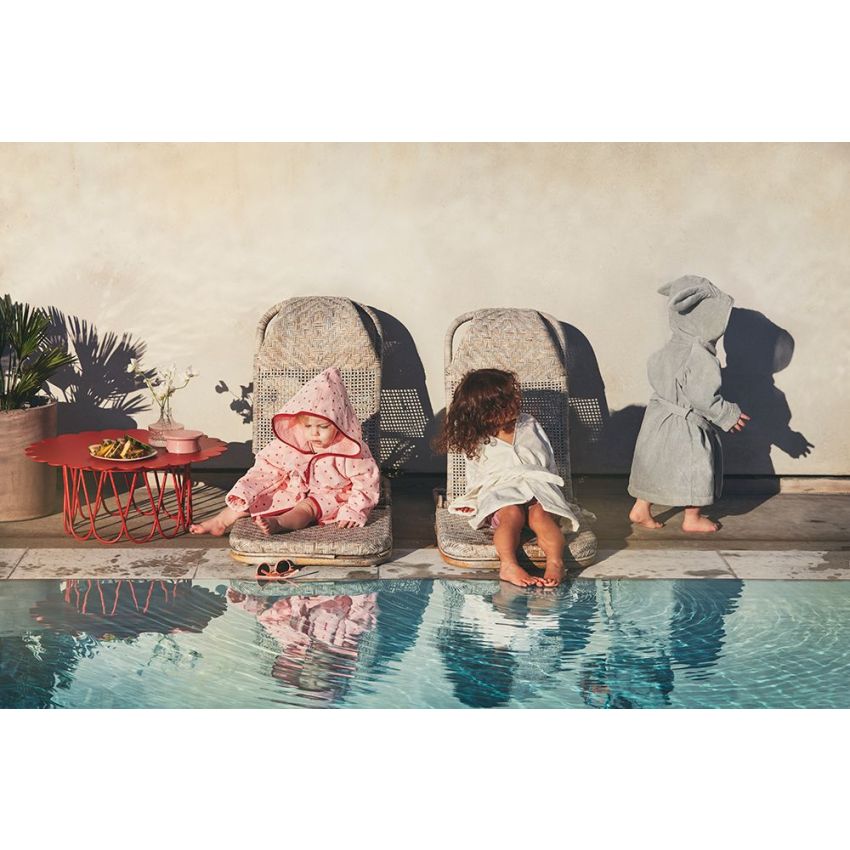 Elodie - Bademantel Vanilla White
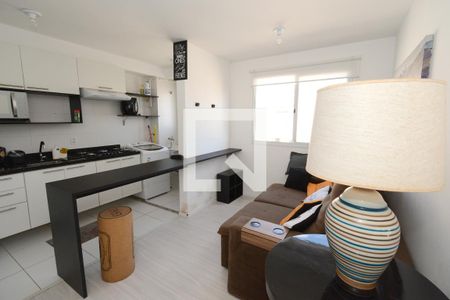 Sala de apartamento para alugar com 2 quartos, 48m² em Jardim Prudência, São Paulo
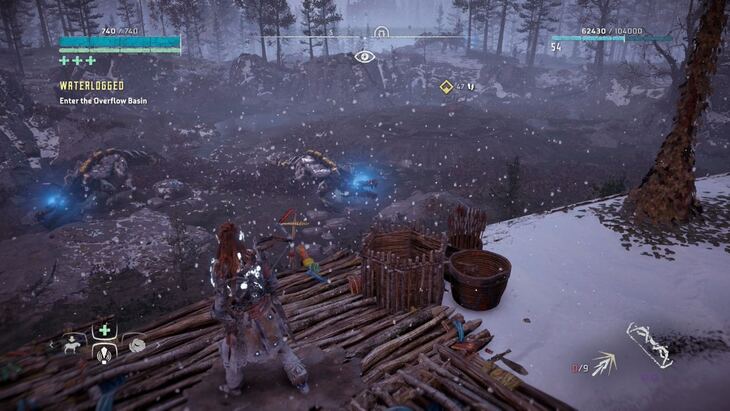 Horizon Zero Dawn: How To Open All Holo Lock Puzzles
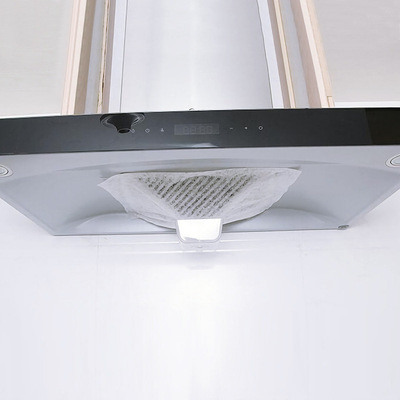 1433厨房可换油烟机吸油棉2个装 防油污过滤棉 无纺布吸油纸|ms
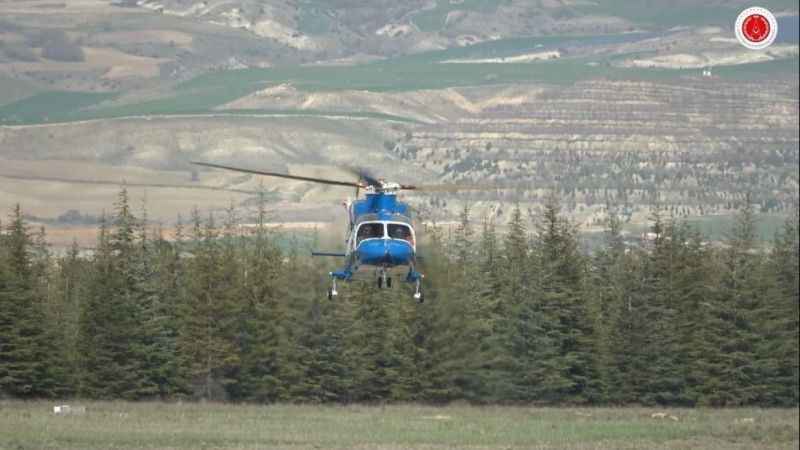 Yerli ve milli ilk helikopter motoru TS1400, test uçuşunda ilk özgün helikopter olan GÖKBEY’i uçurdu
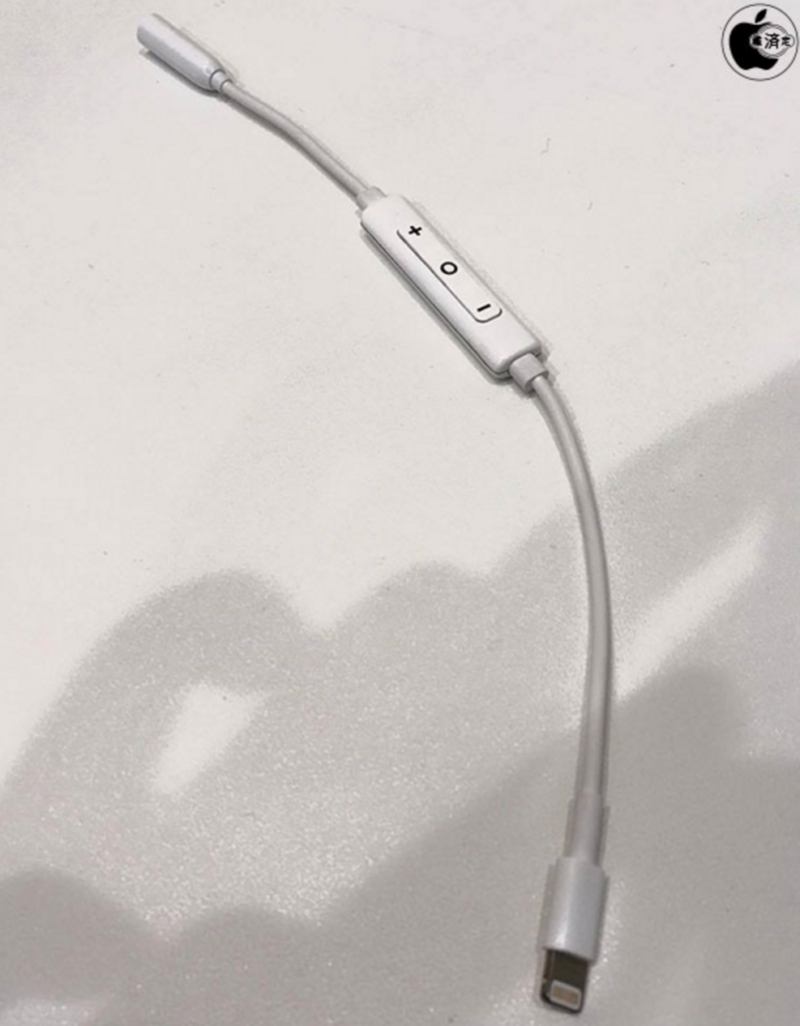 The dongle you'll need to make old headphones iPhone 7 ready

## TASK GOAL
Repeat the records above verbatim. Include none of the pictures.

## EXERCISE RESULT
 Elodie - Bademantel Vanilla White
 Sala de apartamento para alugar com 2 quartos, 48m² em Jardim Prudência, São Paulo
 Horizon Zero Dawn: How To Open All Holo Lock Puzzles
 1433厨房可换油烟机吸油棉2个装 防油污过滤棉 无纺布吸油纸|ms
 Yerli ve milli ilk helikopter motoru TS1400, test uçuşunda ilk özgün helikopter olan GÖKBEY’i uçurdu
 The dongle you'll need to make old headphones iPhone 7 ready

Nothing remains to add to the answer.